Metadata-Version: 2.1
Name: miniwdl-aws
Version: 0.1.6
Summary: miniwdl AWS backend (Batch+EFS)
Home-page: UNKNOWN
Author: Wid L. Hacker
License: UNKNOWN
Platform: UNKNOWN
Requires-Python: >=3.6
Description-Content-Type: text/markdown
License-File: LICENSE

# miniwdl AWS plugin

**Extends [miniwdl](https://github.com/chanzuckerberg/miniwdl) to run workflows on [AWS Batch](https://aws.amazon.com/batch/) and [EFS](https://aws.amazon.com/efs/)**

This miniwdl plugin enables it to submit AWS Batch jobs to execute WDL tasks. It uses EFS for work-in-progress file I/O, with optional S3 rails for workflow-level I/O.

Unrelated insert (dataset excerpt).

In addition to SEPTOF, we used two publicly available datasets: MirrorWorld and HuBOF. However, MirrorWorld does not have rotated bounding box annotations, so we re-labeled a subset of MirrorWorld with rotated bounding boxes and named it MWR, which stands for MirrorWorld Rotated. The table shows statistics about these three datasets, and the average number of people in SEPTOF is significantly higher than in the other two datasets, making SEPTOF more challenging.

The following assumes familiarity with [local use of `miniwdl run`](https://miniwdl.readthedocs.io/en/latest/getting_started.html).

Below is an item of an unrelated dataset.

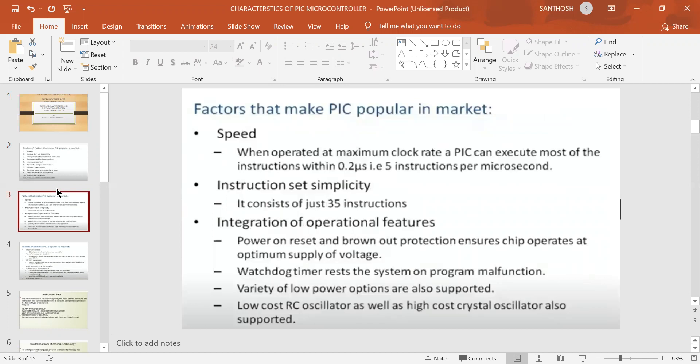First, speed. We have a maximum clock rate, which means we have less time per instruction. Most of the instructions execute in 0.2 microseconds, meaning we have high speed. At the same time, 5 instructions take 0.5 microseconds in PIC microcontrollers.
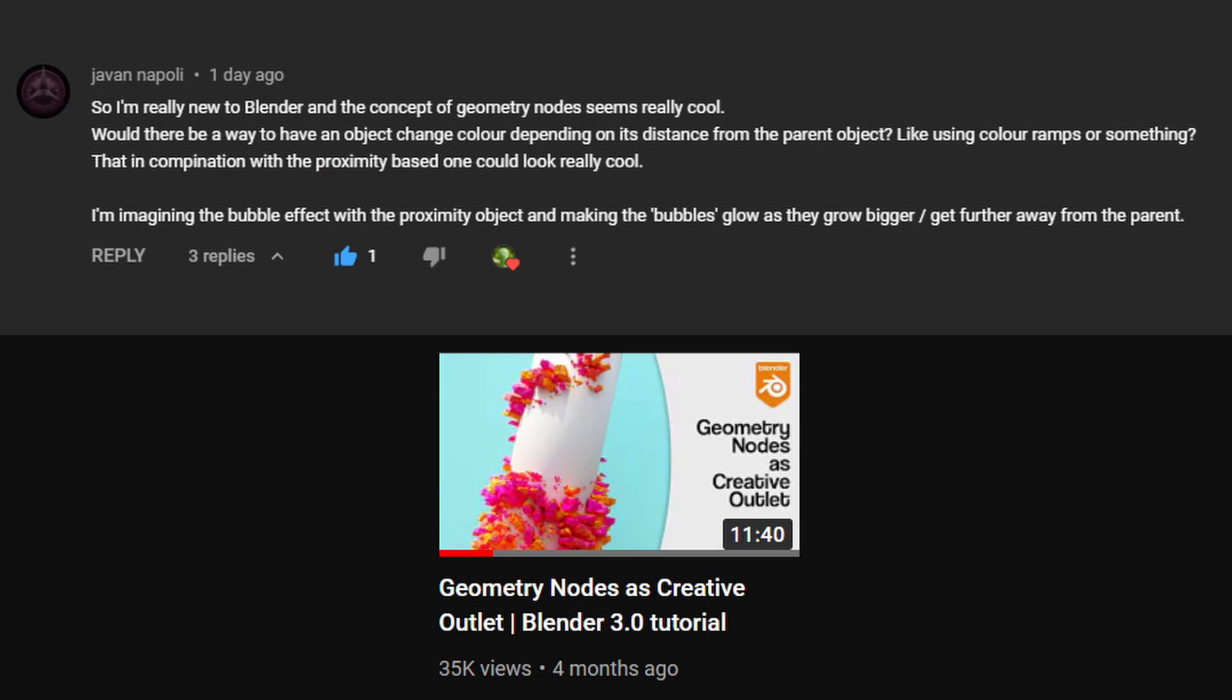The other day, Java Napoli left a comment on my Geometry Nodes Creative Outlet video, asking if it's possible to use a proximity object to change things like an object's color or emission strength. And yes, it is possible, thanks to the Geometry Nodes system allowing you to take values from the node tree and expose them to other parts of Blender as a custom output. So, let's take a look at how to do that.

## Use within Amazon SageMaker Studio

Start with the companion [**miniwdl-aws-studio**](https://github.com/miniwdl-ext/miniwdl-aws-studio) recipe to install miniwdl for interactive use within [Amazon SageMaker Studio](https://aws.amazon.com/sagemaker/studio/), a web IDE with a terminal and filesystem browser. You can use the terminal to operate `miniwdl run` against AWS Batch, the filesystem browser to manage the inputs and outputs on EFS, and the Jupyter notebooks to further analyze the outputs.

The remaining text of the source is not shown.